In 1864, Swarthmore’s founders made a bold statement when they petitioned the
Pennsylvania legislature to charter a college with both female and male students—and with a governing board equally comprised of men and women. Nearly 60 years later, President Frank Aydelotte’s introduction of the Honors Program served as another bold act of hope for future generations by further reinforcing that academic rigor was the cornerstone of the College. Swarthmore’s most enduring tradition, it could be said, is to imagine, inspire, and innovate in order to continually provide students with an exceptional liberal arts education.
We live in challenging and exciting times for higher education and especially for small, residential liberal arts colleges.
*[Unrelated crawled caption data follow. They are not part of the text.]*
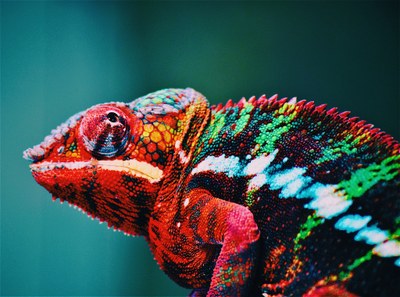 chameleon-animal-blur-567540.jpg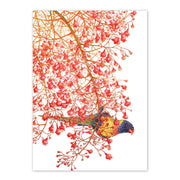 A6 Card, Studio Nikulinsky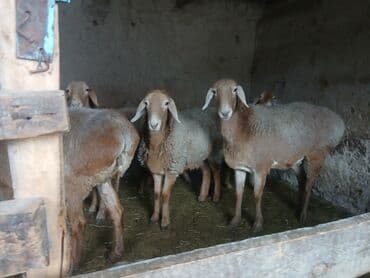 купить бельгийскую овчарку малинуа: Продаю | Ягненок | Арашан — 1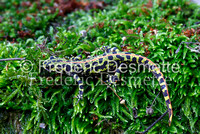 Marbled newt 3 (Triturus marmoratus)-5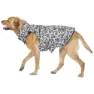 Trespass Charly Printed Rain Hundjacka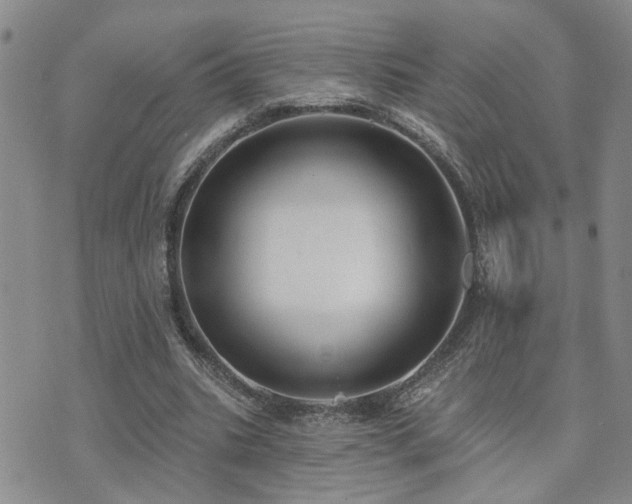 X0000073710535200608031242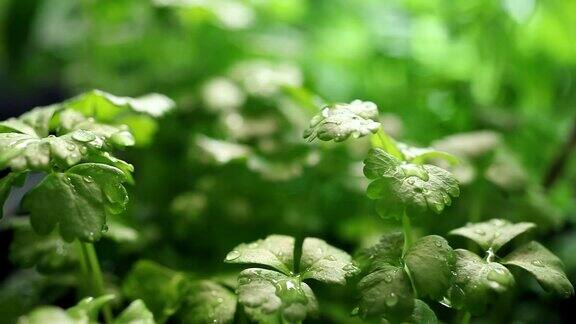 雨中的芹菜苗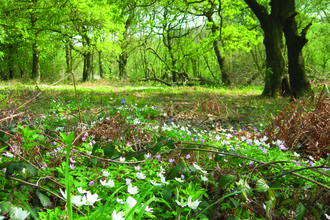 Photograph of Maltby Low Common woodland and flowers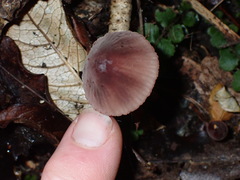 Mycena mariae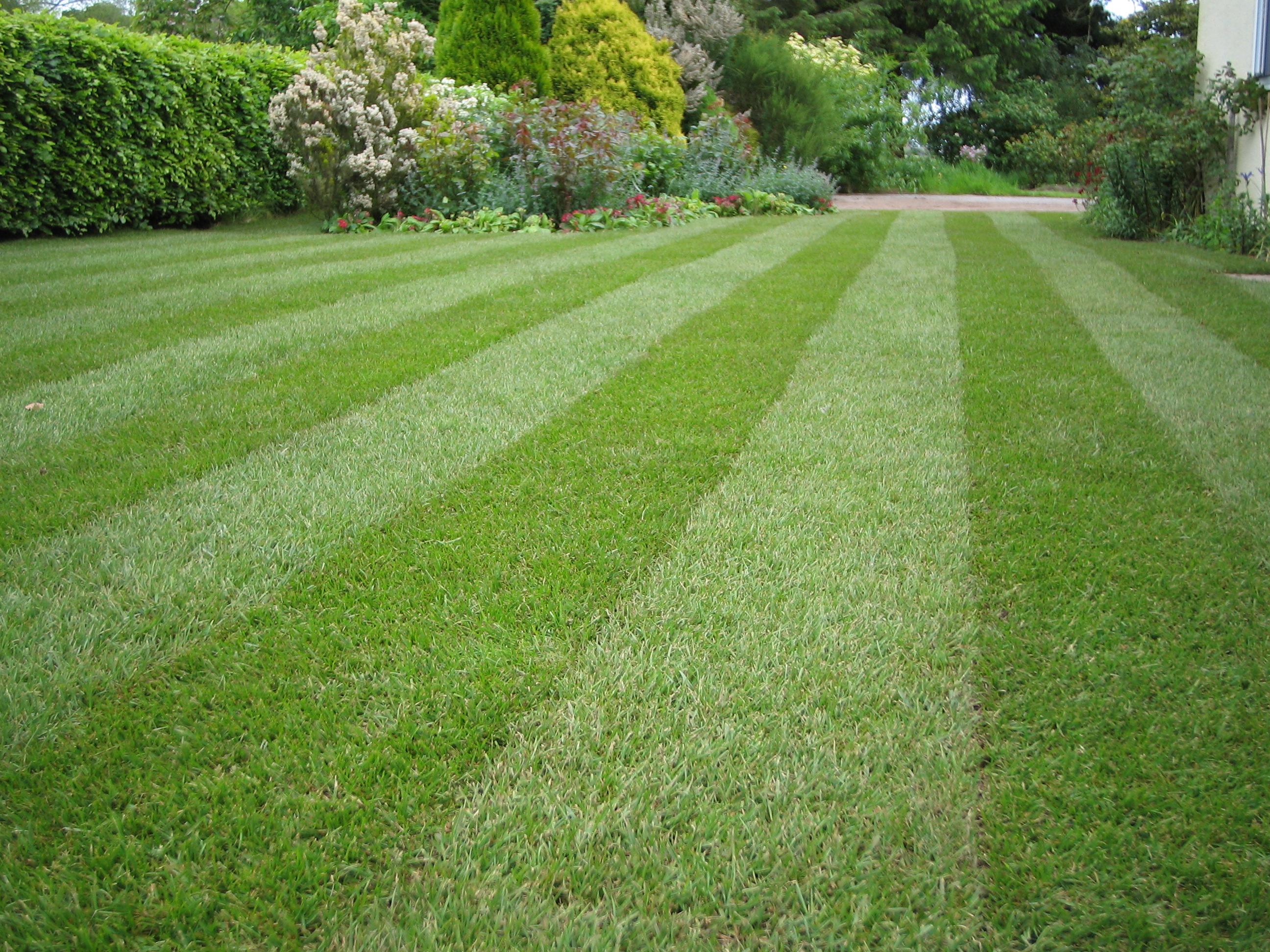 Our lawn services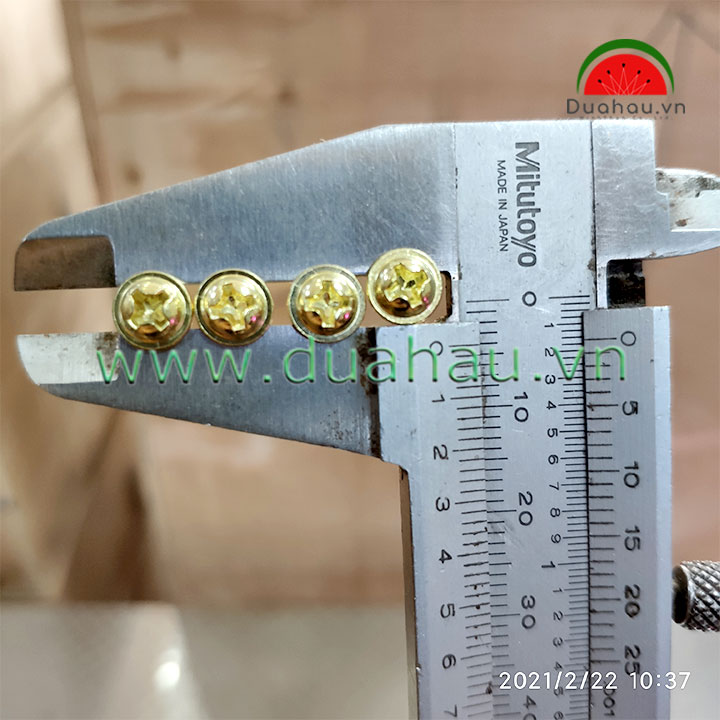 [HCM][1 ký] vít dù 3x10 Mm Đầu + loại 1 Nhập Khẩu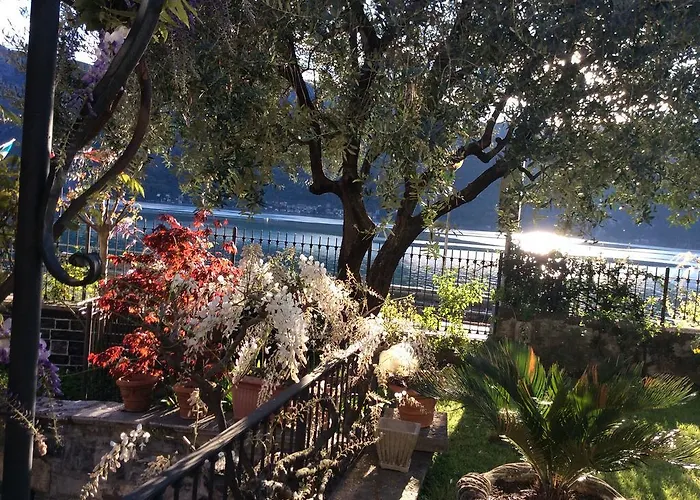 - Foresteria - Frontelago Bed & Breakfast Mandello del Lario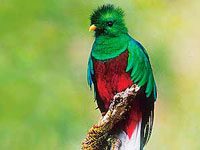 Quetzal vibrantly colored animal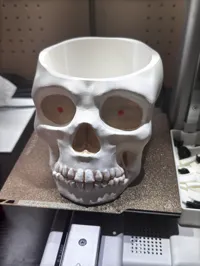 0.2mm layer, 3 walls, 10% infill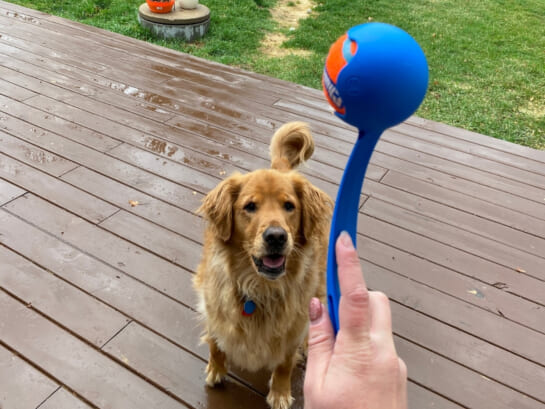 ChuckIt Ball Launcher w/ Ball Only $6.99 Shipped for Prime Members (Reg. $14) | Great Exercise for Your Pup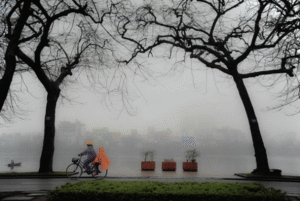 Mùa Đông Bắt Đầu Từ Tháng Mấy – Thời Khắc Chuyển Mình Của Thiên Nhiên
The accelerating rate of the production of information, a more pervasive awareness of global connections, vast technological changes, and daunting financial pressures combine to produce a particular set of contemporary opportunities and challenges.
Many questions lie ahead: What will student demographics be like in 2030? Is our business model sustainable? Can financial aid keep pace with need? Can residential colleges serve their alumni better over their lifetimes? How might alumni themselves serve as educational resources and engaged members of the College community? In making the case for the liberal arts, Swarthmore should convene others to analyze future trends and best practices.
Strategic Directions recommends that the College create the Swarthmore Institute for the Liberal Arts in the 21st century to study and expand liberal arts education at Swarthmore, in the United States, and around the world. This institute would:
• Foster curricular innovation, explore new pedagogical practices, and study new
• Support scholarly activity on the future of the liberal arts within the global higher education system.
• Promote the visibility and viability of the residential liberal arts college in general and of Swarthmore in particular. The Institute could become a destination for scholars outside Swarthmore who are interested in the future of the liberal arts by stimulating generative conversation about liberal arts education and providing a physical space to convene such activity. The Institute might work particularly well in tandem with the Town Center West project, which includes the development of a 40-room Inn, restaurant, retail, and conference spaces to be built on the edge of the south end of campus.
• Provide opportunities for alumni and others who live “liberal arts lives” to engage in conversations, conduct research, or teach. This provides an opportunity for students to learn from alumni who have used their liberal arts background in myriad professions, through volunteer activities as well as in academic settings.